Entonces David dijo: El arca de Dios no debe ser llevada sino por los levitas, porque a ellos ha escogido Yavé para llevar el arca de Yavé y para ministrar ante él para siempre.
Y reunió David a todo Israel en Jerusalén, para hacer subir el arca de Yavé a su lugar, que él le había preparado.
Juntó también David a los hijos de Aarón y a los levitas:
de los hijos de Coat, a Uriel el jefe, y a sus hermanos, ciento veinte;
de los hijos de Merari, a Asaías el jefe, y a sus hermanos, doscientos veinte;
de los hijos de Gersón, a Joel el jefe, y a sus hermanos, ciento treinta;
de los hijos de Elizafán, a Semaías el jefe, y a sus hermanos, doscientos;
de los hijos de Hebrón, a Eliel el jefe, y a sus hermanos, ochenta;
de los hijos de Uziel, a Aminadab el jefe, y a sus hermanos, ciento doce.
Y llamó David a Sadoc y a Abiatar, los sacerdotes, y a los levitas Uriel, Asaías, Joel, Semaías, Eliel y Aminadab,
y les dijo: Vosotros sois los jefes de las casas paternas de los levitas; santificaos vosotros y vuestros hermanos, y llevad el arca de Yavé Dios de Israel al lugar que le he preparado;
pues por no haberlo hecho así vosotros la primera vez, Yavé nuestro Dios hizo una brecha en nosotros, porque no lo buscamos según la ley.
Se santificaron, pues, los sacerdotes y los levitas, para subir el arca de Yavé Dios de Israel.
Y los levitas llevaron el arca de Dios sobre sus hombros con las varas, como Moisés había mandado conforme a la palabra de Yavé.
Y David dijo a los jefes de los levitas que constituyeran a sus hermanos, los cantores, con instrumentos de música, salterios, arpas y címbalos, que resonaran y alzaran la voz con alegría.
Constituyeron, pues, los levitas a Hemán hijo de Joel, y de sus hermanos a Asaf hijo de Berequías, y de los hijos de Merari, sus hermanos, a Etán hijo de Cusaías;
y con ellos a sus hermanos del segundo orden: Zacarías, Ben, Jaaziel, Semiramot, Jehiel, Uni, Eliab, Benaías, Maasías, Matatías, Elifelehu, Micnías, y a Obed-edom y Jeiel, porteros.
Los cantores Hemán, Asaf y Etán, eran los que sonaban con címbalos de bronce.
Zacarías, Aziel, Semiramot, Jehiel, Uni, Eliab, Maasías y Benaías, con salterios, sobre Alamot.
Matatías, Elifelehu, Micnías, Obed-edom, Jeiel y Azazías, con arpas, sobre Seminit, para dirigir.
Y Quenanías, jefe de los levitas, tenía a su cargo la dirección del canto, porque era entendido en ello.
Berequías y Elcana eran porteros del arca.
Los sacerdotes Sebanías, Josafat, Natanael, Amasai, Zacarías, Benaías y Eliezer, tocaban las trompetas delante del arca de Dios; Obed-edom y Jeías eran también porteros del arca.
Anduvieron, pues, David y los ancianos de Israel y los jefes de millares, para trasladar el arca del pacto de Yavé, desde la casa de Obed-edom con alegría.
Y sucedió que cuando Dios ayudó a los levitas que llevaban el arca del pacto de Yavé, sacrificaron siete becerros y siete carneros.
David iba vestido de un manto de lino fino, igual que todos los levitas que llevaban el arca, los cantores y Quenanías, jefe de la música de los cantores.
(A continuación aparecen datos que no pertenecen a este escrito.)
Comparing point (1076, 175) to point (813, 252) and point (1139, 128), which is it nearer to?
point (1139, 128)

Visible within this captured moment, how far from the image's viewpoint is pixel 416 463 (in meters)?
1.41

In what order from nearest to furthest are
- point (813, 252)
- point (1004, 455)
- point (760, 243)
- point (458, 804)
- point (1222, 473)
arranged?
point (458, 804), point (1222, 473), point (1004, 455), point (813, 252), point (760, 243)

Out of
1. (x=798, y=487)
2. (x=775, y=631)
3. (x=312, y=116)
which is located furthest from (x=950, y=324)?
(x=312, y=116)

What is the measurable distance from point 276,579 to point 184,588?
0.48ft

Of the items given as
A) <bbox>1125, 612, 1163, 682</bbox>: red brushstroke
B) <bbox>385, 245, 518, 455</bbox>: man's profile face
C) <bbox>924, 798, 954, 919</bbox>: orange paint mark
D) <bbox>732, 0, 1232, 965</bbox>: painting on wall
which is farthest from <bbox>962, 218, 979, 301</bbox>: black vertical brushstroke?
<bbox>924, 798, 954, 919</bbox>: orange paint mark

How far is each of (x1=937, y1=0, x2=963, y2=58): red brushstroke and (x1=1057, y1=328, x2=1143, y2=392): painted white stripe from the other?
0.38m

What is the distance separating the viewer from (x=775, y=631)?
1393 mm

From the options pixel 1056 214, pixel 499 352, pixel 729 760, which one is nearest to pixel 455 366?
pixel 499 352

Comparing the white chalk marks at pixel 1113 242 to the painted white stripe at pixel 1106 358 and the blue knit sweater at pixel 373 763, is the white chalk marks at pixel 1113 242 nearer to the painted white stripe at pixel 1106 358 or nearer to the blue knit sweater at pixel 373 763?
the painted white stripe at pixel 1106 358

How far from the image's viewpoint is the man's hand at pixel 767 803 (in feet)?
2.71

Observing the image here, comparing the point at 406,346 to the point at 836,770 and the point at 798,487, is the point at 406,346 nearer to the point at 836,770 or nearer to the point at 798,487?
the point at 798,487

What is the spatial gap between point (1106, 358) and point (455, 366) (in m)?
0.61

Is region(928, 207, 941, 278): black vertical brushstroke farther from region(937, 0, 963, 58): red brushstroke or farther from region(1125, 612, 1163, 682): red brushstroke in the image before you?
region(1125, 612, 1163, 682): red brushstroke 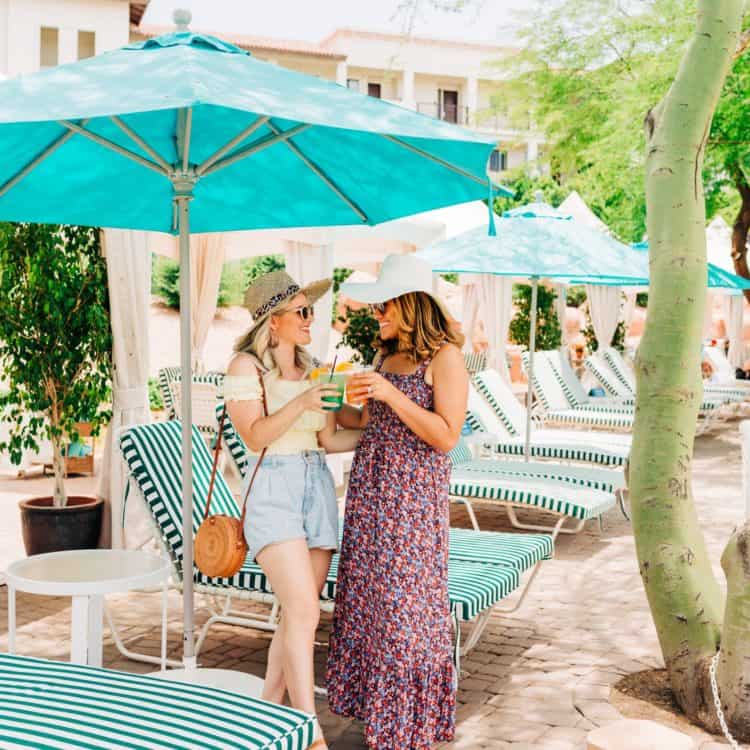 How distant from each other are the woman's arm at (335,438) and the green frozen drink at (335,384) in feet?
1.14

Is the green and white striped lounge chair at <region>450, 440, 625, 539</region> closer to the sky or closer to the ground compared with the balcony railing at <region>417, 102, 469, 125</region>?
closer to the ground

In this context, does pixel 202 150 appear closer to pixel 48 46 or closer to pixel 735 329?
pixel 735 329

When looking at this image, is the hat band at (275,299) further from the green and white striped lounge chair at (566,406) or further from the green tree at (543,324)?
the green tree at (543,324)

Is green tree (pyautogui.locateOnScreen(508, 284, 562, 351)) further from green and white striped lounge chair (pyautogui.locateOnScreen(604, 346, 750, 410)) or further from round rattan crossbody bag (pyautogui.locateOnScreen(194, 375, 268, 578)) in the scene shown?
round rattan crossbody bag (pyautogui.locateOnScreen(194, 375, 268, 578))

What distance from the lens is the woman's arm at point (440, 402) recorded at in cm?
344

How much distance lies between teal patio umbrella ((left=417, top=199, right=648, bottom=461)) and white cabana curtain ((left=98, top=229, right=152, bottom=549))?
2.05 m

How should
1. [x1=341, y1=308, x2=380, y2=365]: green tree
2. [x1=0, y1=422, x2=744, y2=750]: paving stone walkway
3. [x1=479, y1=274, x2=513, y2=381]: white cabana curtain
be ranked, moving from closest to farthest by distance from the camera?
[x1=0, y1=422, x2=744, y2=750]: paving stone walkway → [x1=341, y1=308, x2=380, y2=365]: green tree → [x1=479, y1=274, x2=513, y2=381]: white cabana curtain

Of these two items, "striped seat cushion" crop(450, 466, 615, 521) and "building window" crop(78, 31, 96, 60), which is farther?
"building window" crop(78, 31, 96, 60)

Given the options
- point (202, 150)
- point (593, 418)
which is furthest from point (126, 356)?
point (593, 418)

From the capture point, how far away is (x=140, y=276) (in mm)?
6750

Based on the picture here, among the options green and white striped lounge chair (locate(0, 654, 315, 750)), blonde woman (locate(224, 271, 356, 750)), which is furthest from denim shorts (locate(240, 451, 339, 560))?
green and white striped lounge chair (locate(0, 654, 315, 750))

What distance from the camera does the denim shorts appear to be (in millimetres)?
3553

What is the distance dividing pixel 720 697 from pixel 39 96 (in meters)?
3.32

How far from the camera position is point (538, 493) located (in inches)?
274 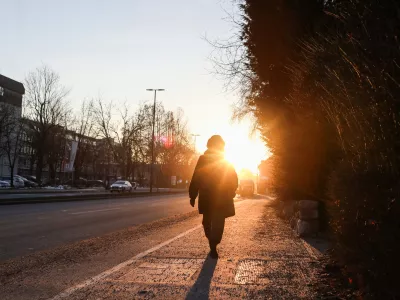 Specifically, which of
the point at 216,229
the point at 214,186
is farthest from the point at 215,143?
the point at 216,229

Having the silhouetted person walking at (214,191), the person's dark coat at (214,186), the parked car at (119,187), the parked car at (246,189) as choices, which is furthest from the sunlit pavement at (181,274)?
the parked car at (246,189)

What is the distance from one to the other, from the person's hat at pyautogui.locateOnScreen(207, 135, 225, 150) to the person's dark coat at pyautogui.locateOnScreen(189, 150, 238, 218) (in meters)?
0.22

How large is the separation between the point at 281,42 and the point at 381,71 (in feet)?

David llevaba además un efod de lino.
Así todo Israel traía el arca del pacto de Yavé con aclamaciones y sonidos de bocina, con trompetas y címbalos, con salterios y arpas.
Y cuando el arca del pacto de Yavé llegó a la ciudad de David, Mical hija de Saúl miró por una ventana, y al ver al rey David que saltaba y danzaba, lo despreció en su corazón.